Please give me another plausible explanation for the emergence of the digital information-based, self-replicating nanotechnology of single-celled life forms on Earth. I can't think of one known cause of digital information-based nanotechnology other than intelligent agency.
Unfortunately, it doesn’t help with the origin of life itself. There would still be the question of the origin of the intelligent agency that was the origin of life on Earth.
The investigation ends as soon as one arrives at an uncreated intelligent agent, whose existence is not dependent upon another reality, the primary reality whose essence is to be, who might identify Himself as "I AM WHO AM."
Tell us what you mean by “supernatural” and how we might find evidence that it exists at all and we can evaluate it as a possible cause.
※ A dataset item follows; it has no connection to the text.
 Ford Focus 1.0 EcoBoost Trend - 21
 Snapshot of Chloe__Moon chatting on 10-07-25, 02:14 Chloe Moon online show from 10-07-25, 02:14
supernatural - of, relating to, or being above or beyond what is natural; unexplainable by natural law or phenomena; You don't have to know if the intelligent agent is supernatural to realize that intelligent agency was necessarily a causal factor in the emergence of digital information-based, self-replicating nanotechnology. If you insist on finding out if the intelligent agent is supernatural then you have to rule out natural intelligent agents. Actually, the existence of one whose essence is to be, who is the primary reality upon which all other realities are dependent, would be the natural, ordinary reality and everything else would be subnatural. Instead of talking about the supernatural and the natural, maybe we should say natural where we now say supernatural, and subnatural where we now say natural. ;o)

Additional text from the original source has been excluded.